When I said the illumination was better, I was referring to the warmer color temperature and less harshness, which works better in my application - a small electronics workshop.

Now in my woodworking workshop, it's all fluorescent, low-temperature, tube fixtures, big time.

Your solution (other than perhaps cold temperature performance) would be done cheaper and at the same (or better) efficiency with just using fewer or lower wattage CFLs

Yeah, but what am I going to do then with that case of LED bulbs I bought?!! : )

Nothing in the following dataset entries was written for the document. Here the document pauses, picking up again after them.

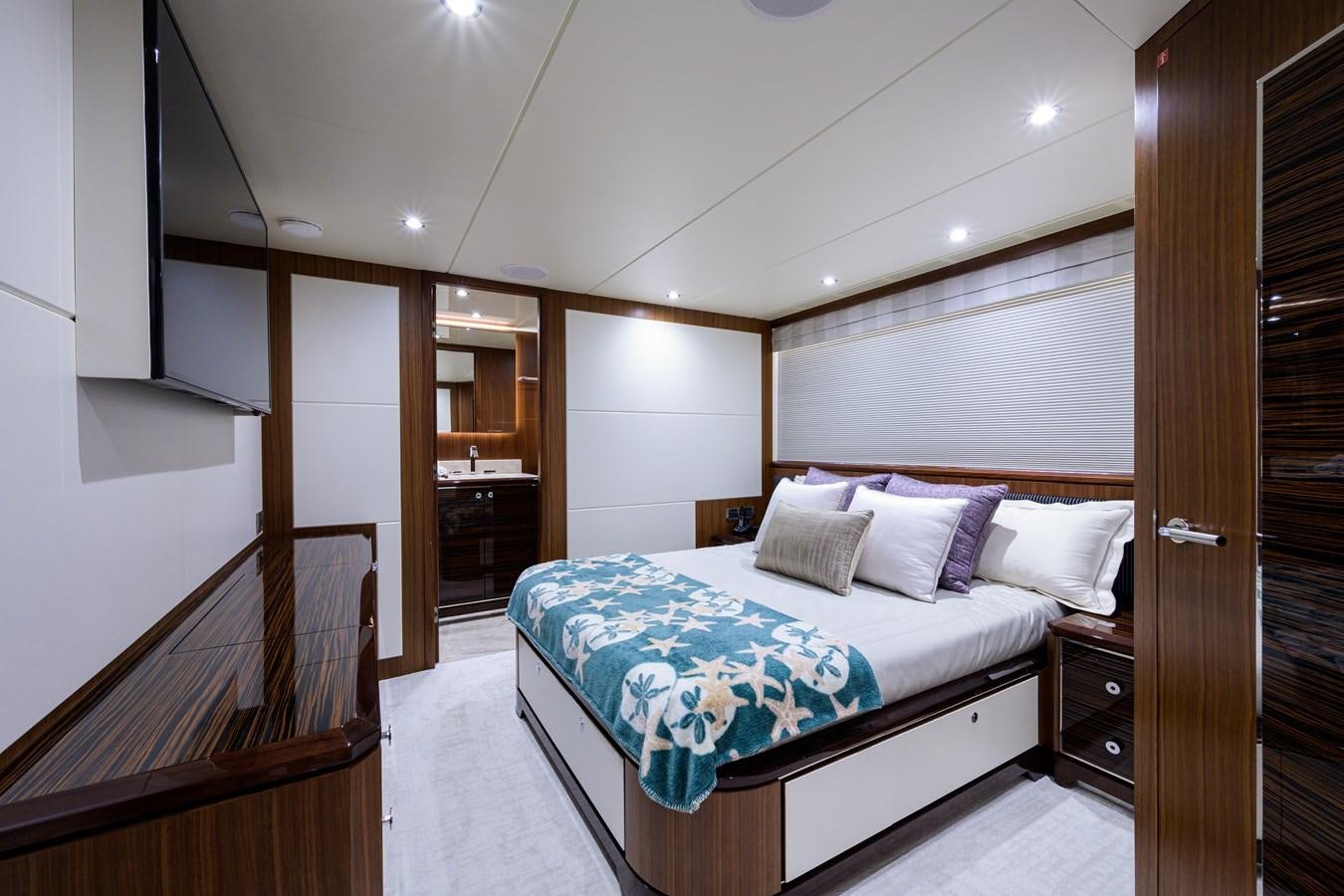 a bedroom with a bed and a closet aboard ZEPHYR Yacht for Sale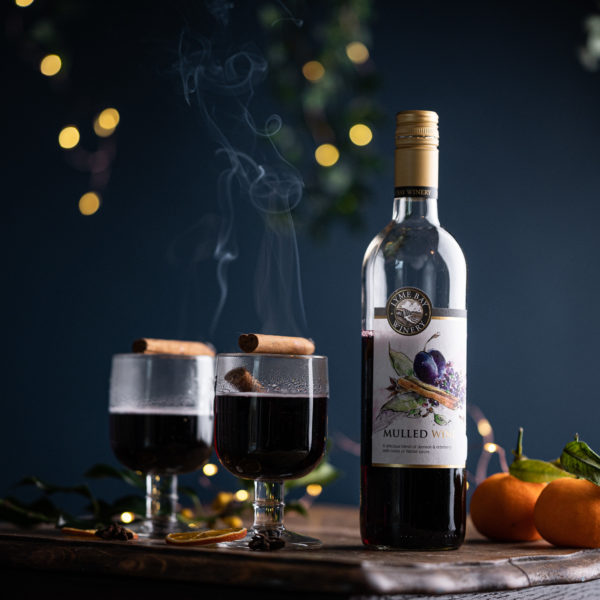 lyme bay winery mulled wine bottle with glasses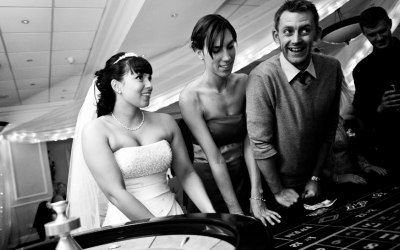 Wedding guests enjoying playing a game of roulette at one of our tables
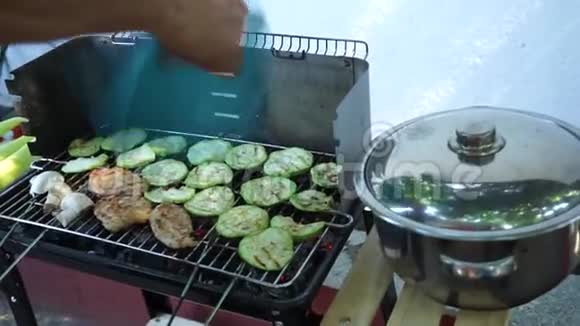 园舍烧烤过程在烧烤派对中一个人给煤点火酋长正在炸鸡和蔬菜视频的预览图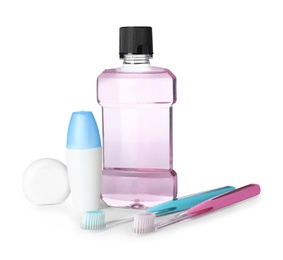 Items for teeth care and personal hygiene on white background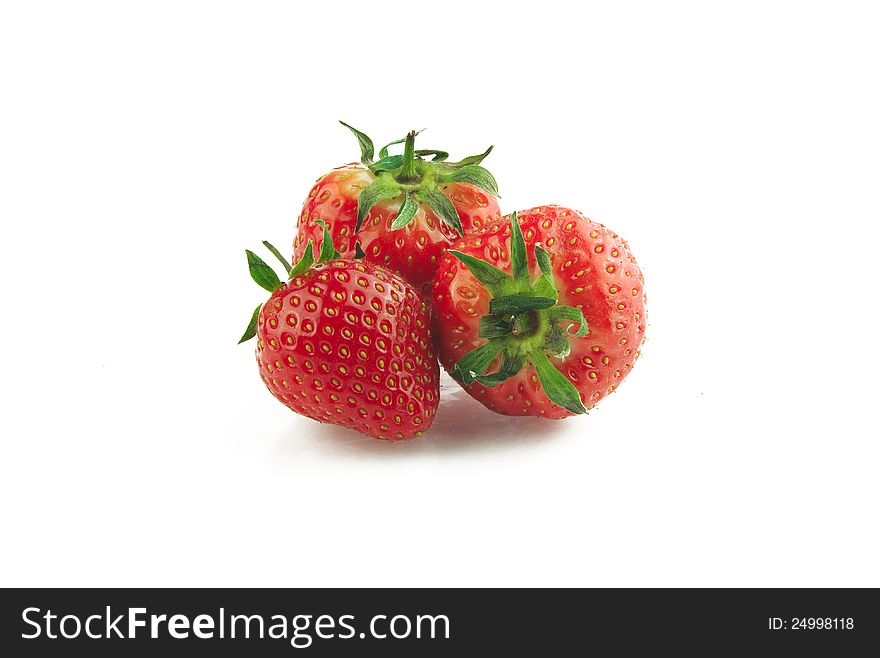 Three strawberries on white background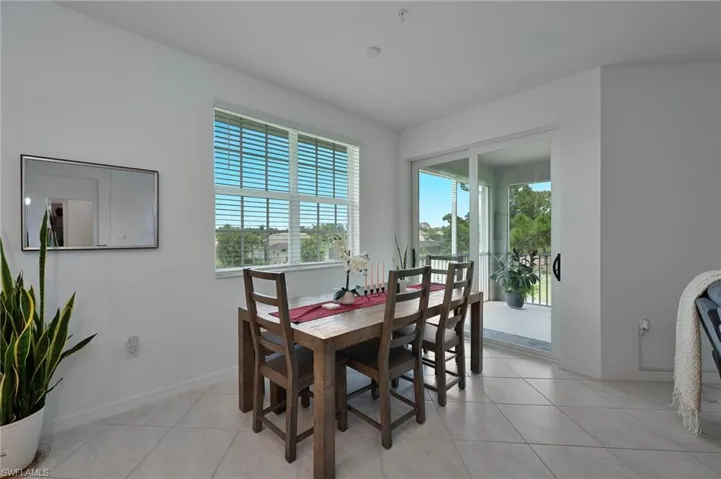 Breakfast Nook space featuring light tile patterned floors and baseboards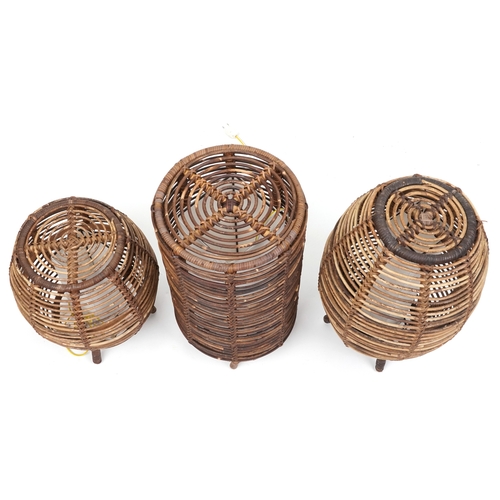 2144 - Three similar mid/late 20th century wicker floor lamps after a design by Tito Agnoli, the largest 52... 
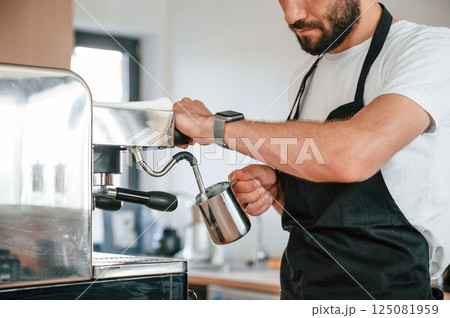 Standing and pouring coffee. Cafe worker in white shirt and black apron is indoors Standing and pouring coffee. Cafe worker in white shirt and black apron is indoors 125081959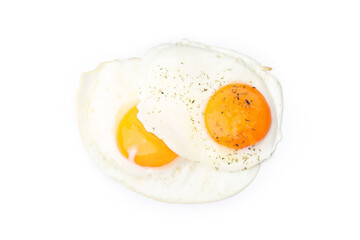 Fried eggs with spices isolated on white background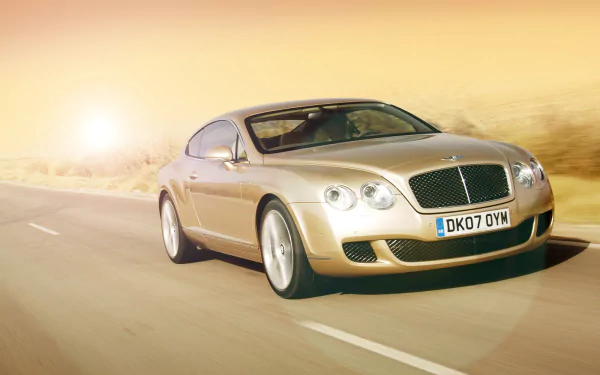 HD desktop wallpaper featuring a Bentley Continental GT Speed driving on a sunlit road, showcasing its sleek design and luxury performance.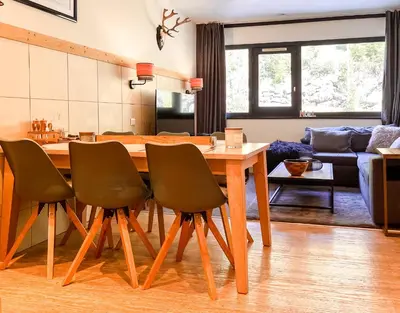 a kitchen and living room with a wooden table and chairs at Large 2-Bedroom Apartment, Centre of Flaine Foret in Flaine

I haven't had any luck with the spiral cfl bulb in any 'overhead' application that is in either an enclosed fixture or in a recessed light application. I do have over 12 in redneck candeliers (porcelain/plastic) socket with bulb exposed with no issues. I have 4 in the garage and 8 in the basement that are probably close to 5 years old with no issues. If I put one in a recessed light they will not last a year. I tried the enclosed ones that are supposed to be floods with a little better luck but not much. Almost all were GE or Sylvania with a few china's. The China bulbs did die the fastest. So far I would have been better off to just keep incandescent floods installed in money spent.

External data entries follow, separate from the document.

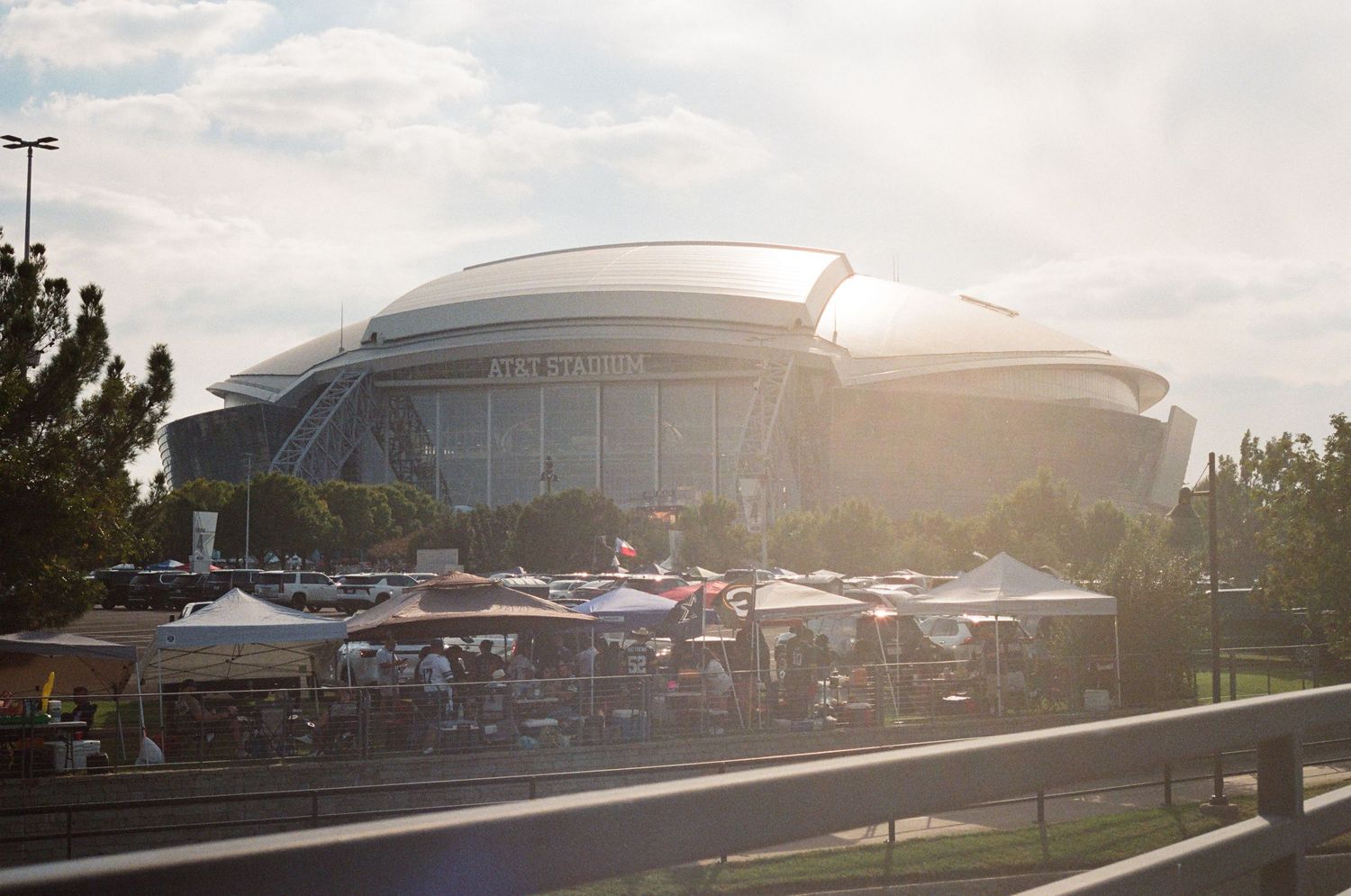 Aerial view of a large domed stadium with outdoor vendor tents in a sunny parking lot.
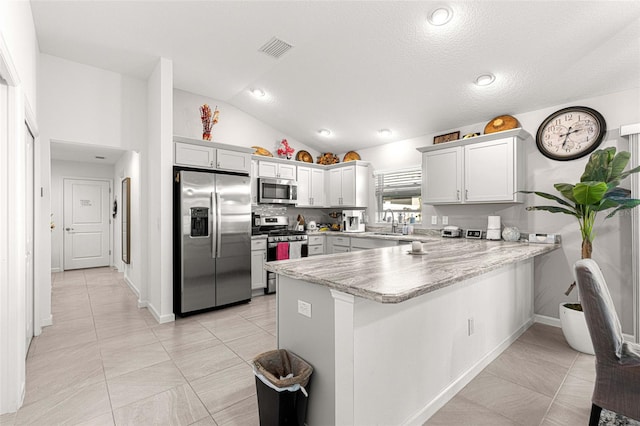 kitchen with kitchen peninsula, appliances with stainless steel finishes, vaulted ceiling, light tile patterned floors, and white cabinetry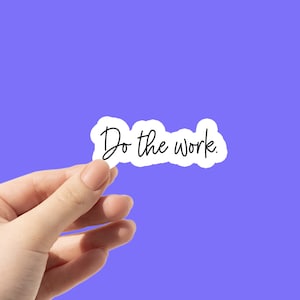 May include: A hand holds up a white sticker with the text "Do the work." on a purple background.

I have had two light switches fall victim to the cfls and slow switchers which I am not sure if its the fault of the cheap switch... the slow switcher or if there is some static or feed back when a number of cfls are slowly switched. It starts out as a little arc buzz/crackle and gets worse and then one day the switch won't do anything. The builder used the cheapest stuff he could when the house was built so that doesn't help. Oh I also had a garage door opener that had a cfl in it with a poor connection and the lead was ate off the bottom of the bulb and 1/8" or so of the spring tab was burned off. I don't know... I know that some things can be like a capacitor and arc and really do interesting things in bad connection. The garage door lights had been installed in the units for less than a year.

While power factor has been an issue with CFLs, often around 0.55, the inrush surge current on startup has been much more of a problem.

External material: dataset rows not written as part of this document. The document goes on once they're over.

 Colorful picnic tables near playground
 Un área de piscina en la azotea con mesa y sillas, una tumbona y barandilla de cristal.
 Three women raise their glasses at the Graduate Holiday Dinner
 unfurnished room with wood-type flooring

The AC input goes directly into a bridge or half-wave rectifier and charges a filter capacitor for the DC input to the switching power supply. That instantaneous inrush current can be around 2-5 amps, and laboratory tests have measured as much as 14 amps - if only for a few milliseconds.

They do use a current limiting fusible resistor before the rectifier, but it's mainly for the safety factor. Too much resistance would simply create heat and then just reduce efficiency.

Put 8 CFLs together on a switch, and you can have a pretty good size arc that can take out switches, or burn poor wire nut connections. I personally have just had to replace a three-way table lamp switch that failed from what appeared to be just that type of inrush current.

In a garage door opener, it has vibration that can loosen the lightbulb in the socket, and the socket also has to carry the inrush current. Some looseness, oxidation and such and I think your results are what's to be expected.

I was previously unaware of the large inrush current involved. One of the things not usually recognized by the populace is that the electricity suppliers must have online the capacity to handle any load prior to that load being imposed on the system. The alternative is a crash of the "grid". So the switch to CFL does not lessen the need for conventional generating capacity as much as one might expect due to the starting inrush.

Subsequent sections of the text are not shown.